Poêles Teflon au PFOA : la fin. Enfin !
Cuisiniers et cuisinières, vous allez devoir réapprendre à frotter vos fonds de casserole.
DuPont de Nemours, détenteur de la marque Teflon créée en 1954, vient d'annoncer, ou plutôt de confirmer, qu'il n'utilisera plus d'acide perfluorooctanoïque ( PFOA) constitutif de ses célébrissimes revêtements anti-adhésifs pour ustensiles de cuisine et autres poêles et marmites.
DuPont de Nemours confirme la suppression du Teflon en... 2015
Un engagement sous forme de lettre ( 6 octobre) adressée au Réseau Environnement Santé (RES) qui s'était étonné publiquement que l'AFSSA ( Agence française de sécurité sanitaire des aliments) n'ait pas pris en compte dans son avis du 27 Juillet 2009 sur le Teflon une étude americano-danoise faisant état d'une baisse très inquiétante des spermatozoïdes chez les hommes imprégnés par le PFOA et le PFOS ( Acide perfluoroclorane sulfonique).
Etude menée au Danemark qui avait été diffusée sur internet dés le 2 mars 2009 ( voir les conclusions dans la note de RES). On y apprend notamment que des " niveaux considérables de PFOS et de PFOA ont été observés chez tous les hommes jeunes". Avec des conséquences alarmantes : "Le nombre de spermatozoïdes ( en une seule éjaculation) est de 6,2 millions de spermatozoïdes en moyenne contre 15, 5 Millions pour des hommes du même âge peu imprégnés par les mêmes substances". 6,2 millions, c'est le seuil de la stérilité....
En déclarant aujourd'hui "cesser l'achat, la fabrication ou l'utilisation du PFOA d'ici à 2015, ou plus tôt, dans la mesure du possible", DuPont de Nemours ne fait, à bien y regarder, que confirmer les termes d' un accord passé, contraint et forcé, en 2006 avec l' Agence de Protection environnementale américaine . La firme s'engageait alors à réduire de 95% en 2010 l'utilisation du PFOA et de le faire disparaître de ses produits en 2015. Sept autres Majors industriels utilisant le PFOA sont d'ailleurs concernés par ces engagements.
Quarante ans de batailles juridiques et sanitaires aux Etats-Unis autour des centres industriels DuPont :Un compromis qui suit un interminable bras de fer commencé officiellement à la fin des années soixante-dix et émaillé de nombreux conflits tant avec des salariés de DuPont qu'avec des dizaines de milliers de résidents vivant à proximité des usines et l'agence environnementale américaine (EPA) qui n'a jamais lâché l'affaire.
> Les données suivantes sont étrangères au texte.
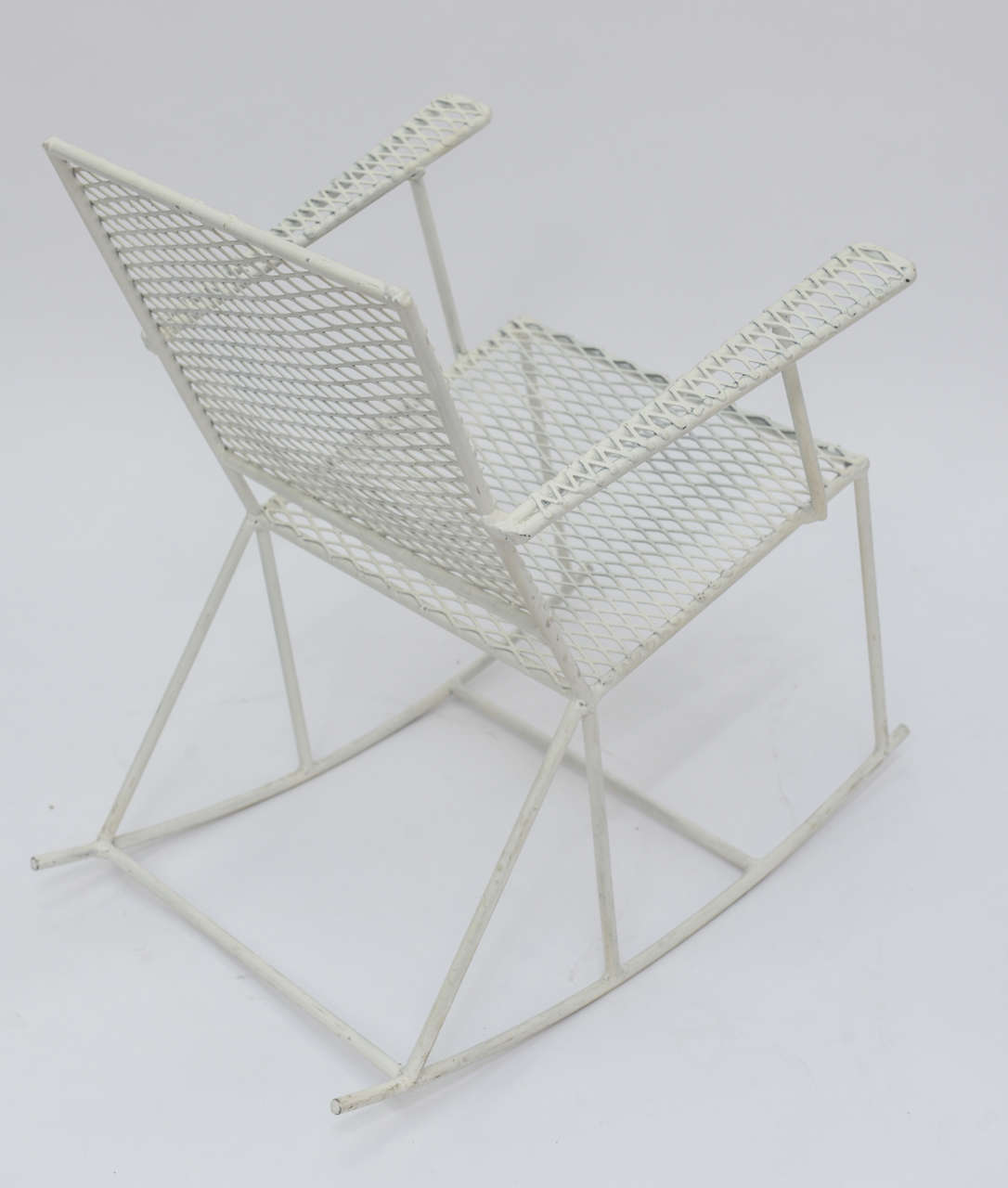 Mid-20th Century Pair of Vintage Mid-Century white Iron Child Rocking Chairs For Sale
C'est en 1978 que les employés d'une unité industrielle DuPont constatent, suite à des prélévements diligentés par la firme, des taux de PFOA particulièrement élevés dans leurs prélèvements sanguins.
En août 2001, des résidents habitant à côté de l'usine Wahington Works ( West Virginia) accusent DuPont d'avoir contaminé l'eau rejetée et entreprennent une "Class Action" ( une action collective de citoyens). Le juge ordonne à la société de faire procéder à des tests sanguins auprés des plaignants. DuPont fait appel de la déçision et va jusqu'à saisir la Cour suprême.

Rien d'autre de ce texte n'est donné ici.